You're looking at a simple plug-in webhook service for your Golang application.
It's agnostic of your wider architectural choices and doesnt make too many assumptions about your application.
It persists state like registered endpoints and all sent notifications to a database controlled by the Gorm ORM, but the database can be as simpe as an in-memory sqlite if you don't require persistence between processes.
The service
runs around two structs: WebhookEndpoint
and a WebhookNotification
.
You can create the service like this:
service, err := ironhook.NewWebhookService(nil)
Then we can create a new WebhookEndpoint
like this:
e := ironhook.WebhookEndpoint{
URL: "http://localhost:8080"
}
endpoint := service.Create(e)
At first, the endpoint
is Unverified
, but we can fix that quickly by Verifying it:
verified_endpoint, err := service.Verify(endpoint)
You may want to persist the UUID of this endpoint to be able to reference it in the future
endpoint_id := verified_endpoint.UUID // save to your database
And with that out of the way, we can send notifications
uuid_trace := uuid.Must(uuid.NewV4())
notification := ironhook.NewNotification(
event: uuid_trace,
topic: "Batch processing #1 complete",
body: "All batches have been processed"
)
err := service.Notify(verified_endpoint, notification)
If you want to send another notification to the same endpoint, the starting point will be the UUID of the endpoint.
endpoint_id := verified_endpoint.UUID // or read from your DB
With that, we can create a new notification and send it in one go:
endpoint := ironhook.WebhookEndpoint{
UUID: endpoint_id,
}
notification := ironhook.NewNotification(
event: uuid_trace,
topic: "Batch processing #2 complete",
body: "All batches have been processed"
)
err := service.Notify(endpoint, notification)
Every Endpoint has to be verified before it can be used for notifications.
The verification process is relatively simple and best shown with an example.
Given an endpoint like this:
webhooks.example.com
A verification request will be sent to
webhooks.example.com/verification
with an id
query parameter cointaining a uuid
identifier of the endpoint, like this: id=6551e000-947a-40a4-948d-18d01e3660d4
Putting it together, a request like this will be made:
webhooks.example.com/verification?id=6551e000-947a-40a4-948d-18d01e3660d4
And in response to this request, we expect to see the uuid as body of the response.
In Golang, one of the simpler approaches to the verification would be something like this:
func VerificationHandler(w http.ResponseWriter, r *http.Request) {
qID, ok := r.URL.Query()["id"]
if !ok || len(qID[0]) < 1 {
fmt.Fprintf(w, "URL Parameter <id> is missing")
return
}
fmt.Fprint(w, qID[0])
}
Which you can also see in the examples section: _examples/receiver/http_handlers.go
By default, if no environment variables are specified, the service will persist state to an in-memory sqlite database.

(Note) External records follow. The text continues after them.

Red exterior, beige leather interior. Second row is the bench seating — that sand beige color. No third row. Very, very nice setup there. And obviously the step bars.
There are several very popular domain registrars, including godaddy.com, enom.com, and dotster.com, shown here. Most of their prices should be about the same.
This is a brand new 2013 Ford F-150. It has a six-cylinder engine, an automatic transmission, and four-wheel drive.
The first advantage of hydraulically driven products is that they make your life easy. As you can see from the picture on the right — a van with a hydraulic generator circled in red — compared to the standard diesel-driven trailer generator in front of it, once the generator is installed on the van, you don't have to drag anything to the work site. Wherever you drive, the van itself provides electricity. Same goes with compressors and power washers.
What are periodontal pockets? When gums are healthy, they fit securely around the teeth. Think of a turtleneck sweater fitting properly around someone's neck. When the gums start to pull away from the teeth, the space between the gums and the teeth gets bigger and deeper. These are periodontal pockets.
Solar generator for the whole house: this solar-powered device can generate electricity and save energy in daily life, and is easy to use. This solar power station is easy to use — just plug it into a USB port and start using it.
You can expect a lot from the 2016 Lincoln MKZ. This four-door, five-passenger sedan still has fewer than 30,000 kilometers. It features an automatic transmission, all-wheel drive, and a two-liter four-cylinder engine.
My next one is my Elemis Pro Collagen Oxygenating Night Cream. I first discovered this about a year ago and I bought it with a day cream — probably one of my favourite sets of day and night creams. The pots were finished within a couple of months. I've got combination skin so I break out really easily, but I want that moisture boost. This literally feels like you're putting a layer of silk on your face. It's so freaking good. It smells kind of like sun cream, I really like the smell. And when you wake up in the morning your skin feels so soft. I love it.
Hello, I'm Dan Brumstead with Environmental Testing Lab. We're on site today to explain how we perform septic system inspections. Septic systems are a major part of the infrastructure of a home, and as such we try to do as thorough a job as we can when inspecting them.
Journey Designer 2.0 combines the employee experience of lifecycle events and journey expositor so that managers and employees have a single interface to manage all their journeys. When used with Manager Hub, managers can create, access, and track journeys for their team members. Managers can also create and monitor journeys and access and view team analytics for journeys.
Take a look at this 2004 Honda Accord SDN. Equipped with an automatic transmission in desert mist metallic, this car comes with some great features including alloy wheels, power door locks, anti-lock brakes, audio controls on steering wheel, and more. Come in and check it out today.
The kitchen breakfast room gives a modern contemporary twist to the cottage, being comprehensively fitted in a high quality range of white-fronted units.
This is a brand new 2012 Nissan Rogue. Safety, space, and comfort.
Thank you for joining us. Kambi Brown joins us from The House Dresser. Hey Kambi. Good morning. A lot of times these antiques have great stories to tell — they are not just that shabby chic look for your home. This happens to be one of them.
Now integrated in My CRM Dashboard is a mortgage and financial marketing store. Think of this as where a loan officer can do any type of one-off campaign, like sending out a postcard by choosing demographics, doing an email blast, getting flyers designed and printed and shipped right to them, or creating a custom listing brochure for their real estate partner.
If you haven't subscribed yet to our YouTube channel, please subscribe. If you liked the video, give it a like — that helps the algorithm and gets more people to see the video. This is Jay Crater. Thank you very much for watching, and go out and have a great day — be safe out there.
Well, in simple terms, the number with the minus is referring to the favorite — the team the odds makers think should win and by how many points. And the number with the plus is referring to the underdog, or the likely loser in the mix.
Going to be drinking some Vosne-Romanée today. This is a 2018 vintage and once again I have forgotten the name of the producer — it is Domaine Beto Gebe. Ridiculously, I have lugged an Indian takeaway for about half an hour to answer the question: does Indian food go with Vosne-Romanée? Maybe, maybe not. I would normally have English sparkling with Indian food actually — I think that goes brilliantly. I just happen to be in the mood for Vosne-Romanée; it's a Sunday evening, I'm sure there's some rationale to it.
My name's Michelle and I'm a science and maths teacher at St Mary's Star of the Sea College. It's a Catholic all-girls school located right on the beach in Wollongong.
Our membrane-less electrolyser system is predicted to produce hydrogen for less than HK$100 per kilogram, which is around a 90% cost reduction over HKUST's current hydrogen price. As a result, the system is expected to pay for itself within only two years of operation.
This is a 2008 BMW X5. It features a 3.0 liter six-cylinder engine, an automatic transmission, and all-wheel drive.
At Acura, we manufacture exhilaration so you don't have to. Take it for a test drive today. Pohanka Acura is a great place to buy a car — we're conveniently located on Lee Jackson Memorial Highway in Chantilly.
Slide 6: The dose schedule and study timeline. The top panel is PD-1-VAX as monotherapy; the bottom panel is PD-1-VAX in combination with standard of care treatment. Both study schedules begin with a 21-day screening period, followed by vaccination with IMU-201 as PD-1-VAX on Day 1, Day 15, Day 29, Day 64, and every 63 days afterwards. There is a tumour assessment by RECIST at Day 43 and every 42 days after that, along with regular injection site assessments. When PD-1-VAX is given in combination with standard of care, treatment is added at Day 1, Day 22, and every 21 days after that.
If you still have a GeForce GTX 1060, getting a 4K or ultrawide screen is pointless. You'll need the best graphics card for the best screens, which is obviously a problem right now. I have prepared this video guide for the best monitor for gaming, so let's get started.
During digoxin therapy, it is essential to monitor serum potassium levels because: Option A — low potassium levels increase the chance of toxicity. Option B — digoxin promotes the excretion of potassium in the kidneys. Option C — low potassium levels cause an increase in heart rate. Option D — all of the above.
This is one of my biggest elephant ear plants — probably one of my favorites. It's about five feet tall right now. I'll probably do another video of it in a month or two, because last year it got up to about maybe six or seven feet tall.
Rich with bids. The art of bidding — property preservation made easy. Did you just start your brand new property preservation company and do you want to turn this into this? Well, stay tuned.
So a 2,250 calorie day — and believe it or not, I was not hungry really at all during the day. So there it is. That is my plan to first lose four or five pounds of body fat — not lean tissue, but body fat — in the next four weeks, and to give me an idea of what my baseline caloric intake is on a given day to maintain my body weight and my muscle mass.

If you want to have it stored in a file, you might want to specify the below:
HOOK_DB_DSN=webhooks.db
Available database engine options are:
- postgres
- cockroach
- mysql
- sqlserver
- sqlite
Naturally, you can use databases like cockroachdb
since they may be compatible with one of the supported engines. In this example, cockroachdb
is compatible with postgres
.
In order to specify an engine you can use:
HOOK_DB_ENGINE=postgres
And specify the connection string for it:
HOOK_DB_DSN=postgres://postgres:123456@localhost:5432/mywebapp
The service uses zap for logging, at the moment, you can configure the logging level:
HOOK_LOG_LEVEL=warn
By default, info
level is used.
If you specify an unsupported log level, the configuration will default to info
.
You can also tell ironhook to use your pre-configured http client if the default isn't what you're after.
http_client = &http.Client{
Timeout: time.Second * 3,
}
service, err := ironhook.NewWebhookService(http_client)
The above is also the default configuration.